Stablecoin issuer Tether has four clear days each year
So far, Tether has only given the market transparency around exactly four days each year.
Why it matters: Tether is the third biggest cryptocurrency in the world, with a $67.5 billion market cap, and it's the most widely traded against the biggest cryptocurrencies, such as bitcoin and ethereum.
- And yet there have always been question marks around its underlying assets.
Driving the news: Tether has brought on a new accountant, BDO Italia, a part of BDO Global, one of the largest networks of accountants in the world.
- BDO put out Tether's second attestation for 2022, for June 30 — and only for June 30.
- BDO is the third firm it's worked with over that time.
Be smart: One observation jumps out about each of these reports if you read them closely. Each one of them only attests to Tether's assets and liabilities for one day.

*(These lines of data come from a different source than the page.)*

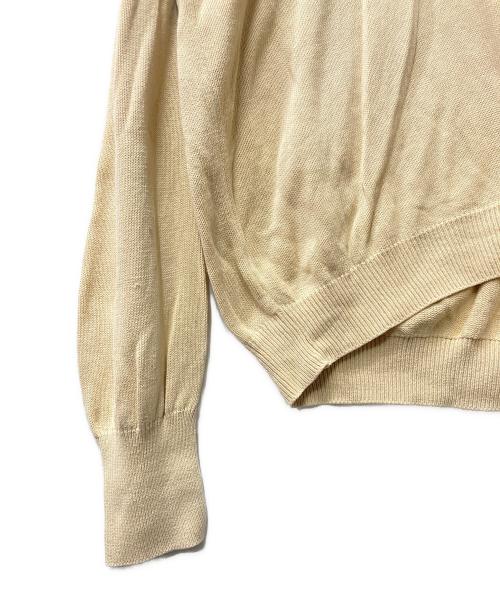 L.L.Bean（エルエルビーン）L.L.Bean (エルエルビーン) Vネックニット ベージュ サイズ:Lの古着・服飾アイテム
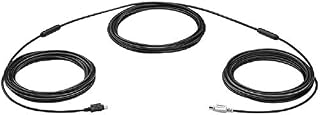 Logitech Extended Cable for Group Video Conferencing System, 15 Meters, Mini-DIN-6, FCC Class (A), CE, RoHS,Laptop/PC/Mac - Black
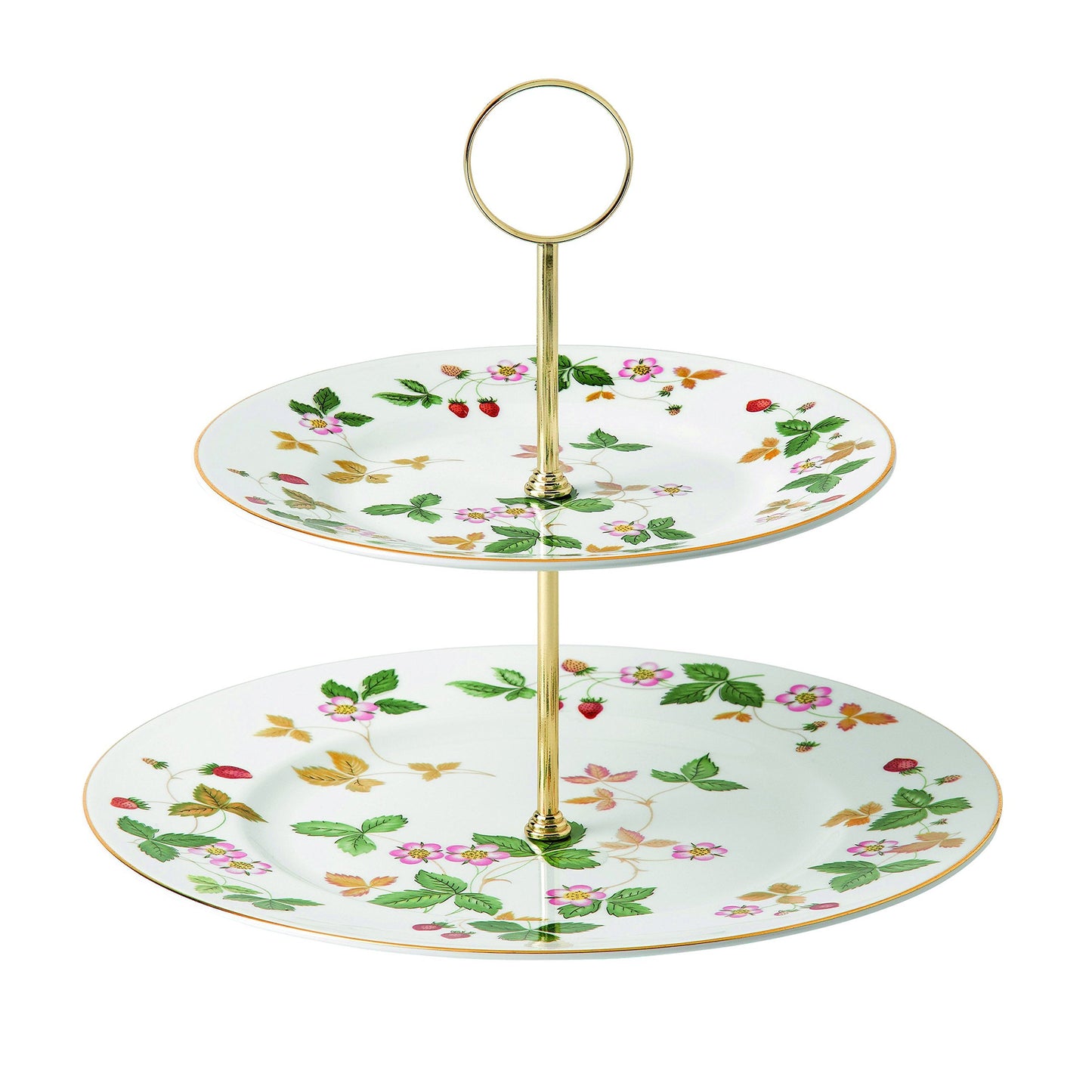 Wedgwood Wild Strawberry 2-Tier Cake Stand, Green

- Every quarter, the attestation includes a sentence that makes this very clear. They are almost word for word the same across all three accounting firms.

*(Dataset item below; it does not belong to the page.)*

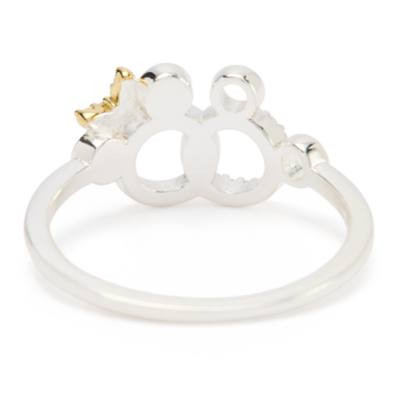 Mickey and Minnie Mouse Silvertone Ring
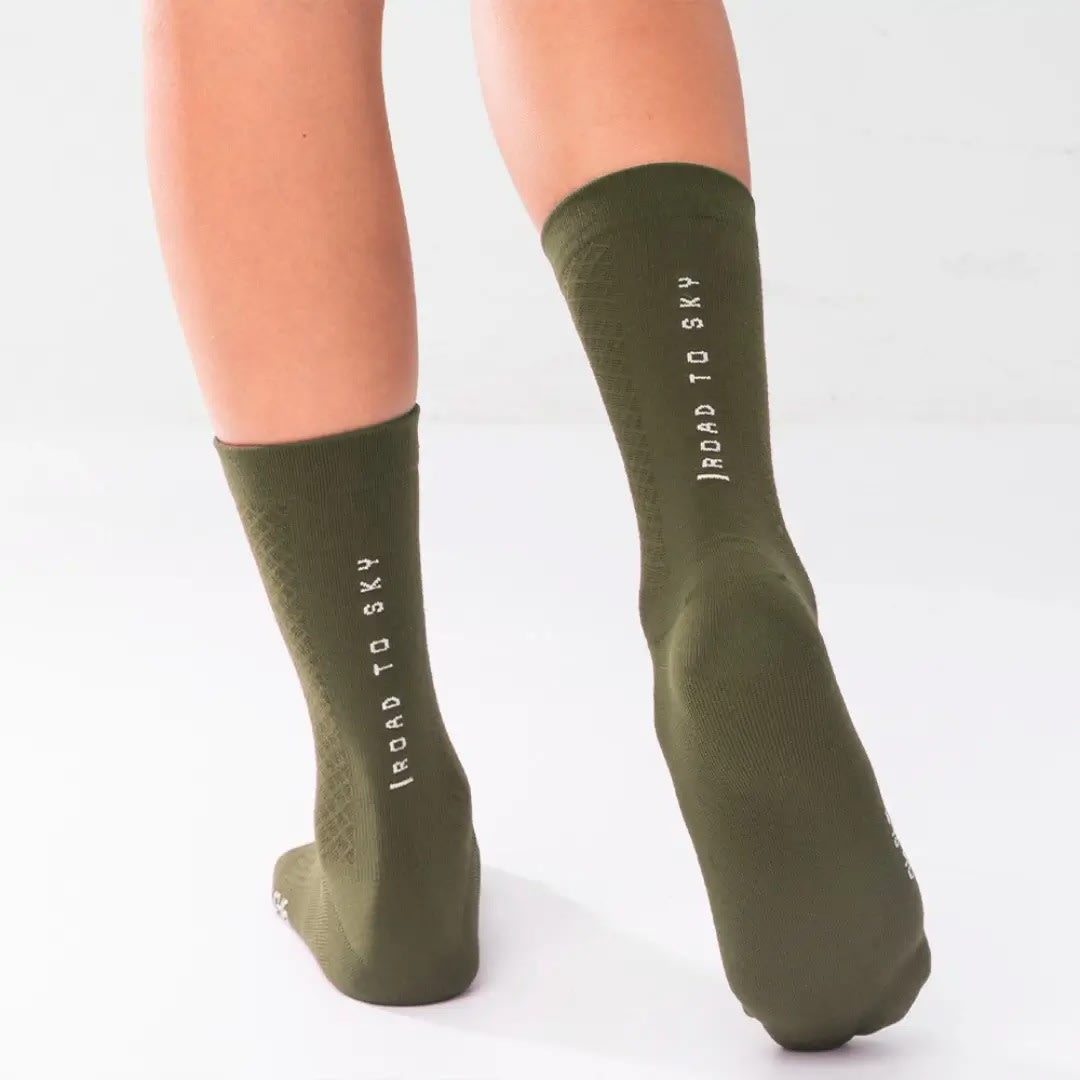 Rockbros Medias de ciclismo SCK60 Verde2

- Here's the version from the most recent report, from BDO: "The reporting date is limited to a point in time as of 30 June 2022. We did not perform procedures or provide any other assurance at any other date or time in this report."
Tether has never published a full audit of its assets and liabilities.

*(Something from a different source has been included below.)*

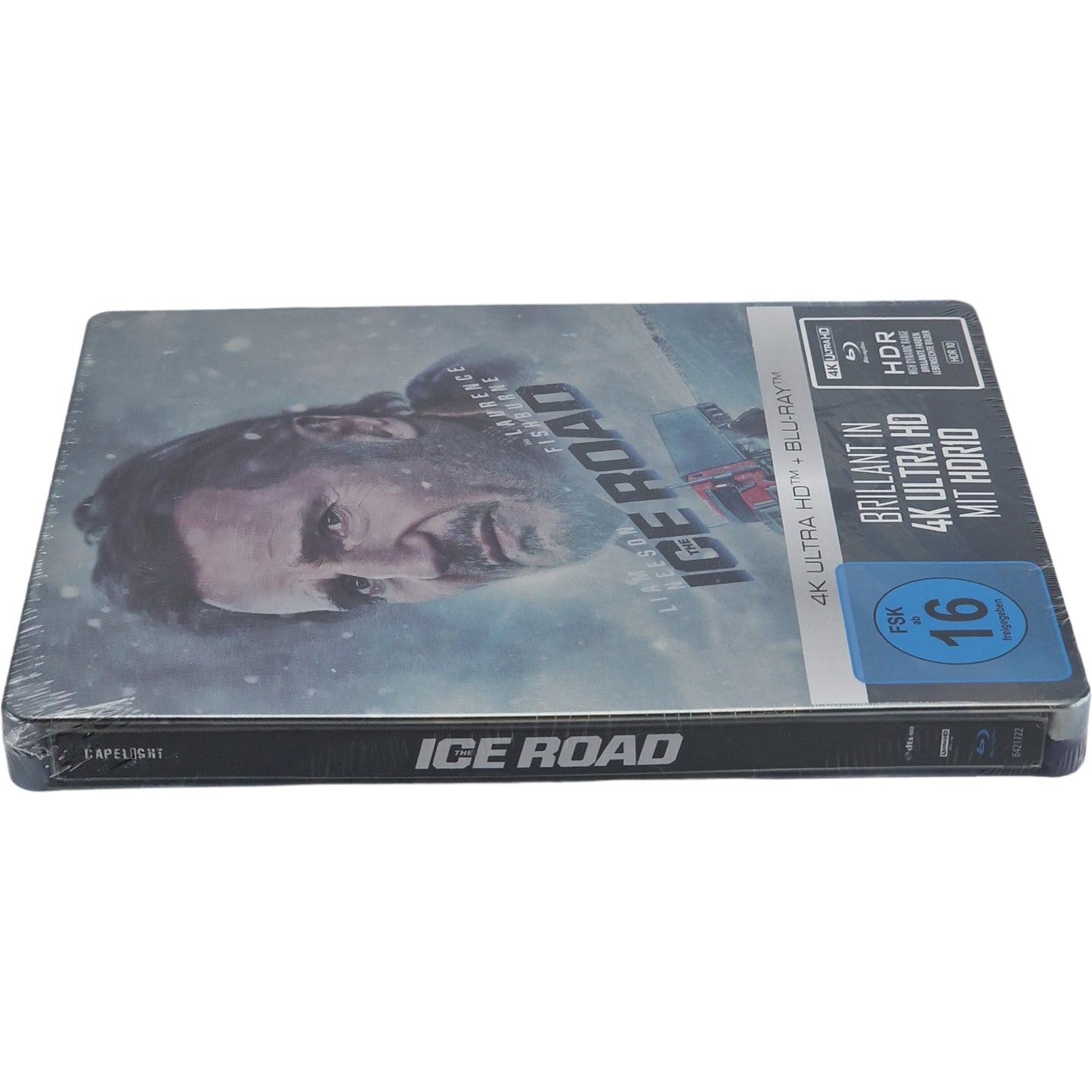 The Ice Road 4K Ultra HD+Blu-ray SteelBook Liam Neeson,Laurence Fishburne Libre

What they're saying: "With our new alignment with BDO, Tether will also focus on moving toward releasing its attestations from a quarterly to monthly basis and is the next step in the company’s path toward a complete audit," according to a Tether statement sent to Axios, via spokesperson Colin McLaren of FTI Consulting.
- In other words: With four quarterly reports, there are only four days per year readers really know what's in Tether's reserves. But it's moving to 12 days if this news holds true.
The big picture: When looking at disclosures from crypto firms, time is an important part of the accountant's opinion statement to look at, according to Edward McGee, chief financial officer of the digital asset manager Grayscale.
- The opinion will clearly state that it says nothing beyond accounts on a particular day. "That is just: at a point in time, this is what is in their account," he says.
- That's a very limited disclosure, "versus a duration of time," McGee says.
In other words: These disclosures are silent about the rest of each three-month period.
- There's no way to know that funds don't spend part of that time in much riskier instruments.
- BDO did not reply to a request for comment.
Context: McGee walked Axios through some of the ins and outs of how accounting works.
- Accounting firms make arrangements with management about what they will or won't look at, and this should be spelled out in the attestation, McGee explains.
- "A compilation is a very low-level activity or a low-level assurance procedure," McGee says. Basically, the firm looks at the documents that management provides and agrees that everything adds up.
They can also go a bit further and, for example, verify numbers with banking partners. That should also be spelled out in the attestation.
"An audit is just a more prescribed version of a review," McGee says. Standards for an audit are defined by regional accounting organizations or regulators. "It is a much higher level of comfort."
What we're watching: McGee says that many of the most advanced crypto firms have started to adopt another level of third-party checks: service organization control (SOC) reports, which verify a firm is following best practices for its particular service.
- McGee points out that Coinbase Custody, which it uses to store its digital assets, has already undertaken SOC reports.
Editor's note: This report has been updated to include comment from Tether.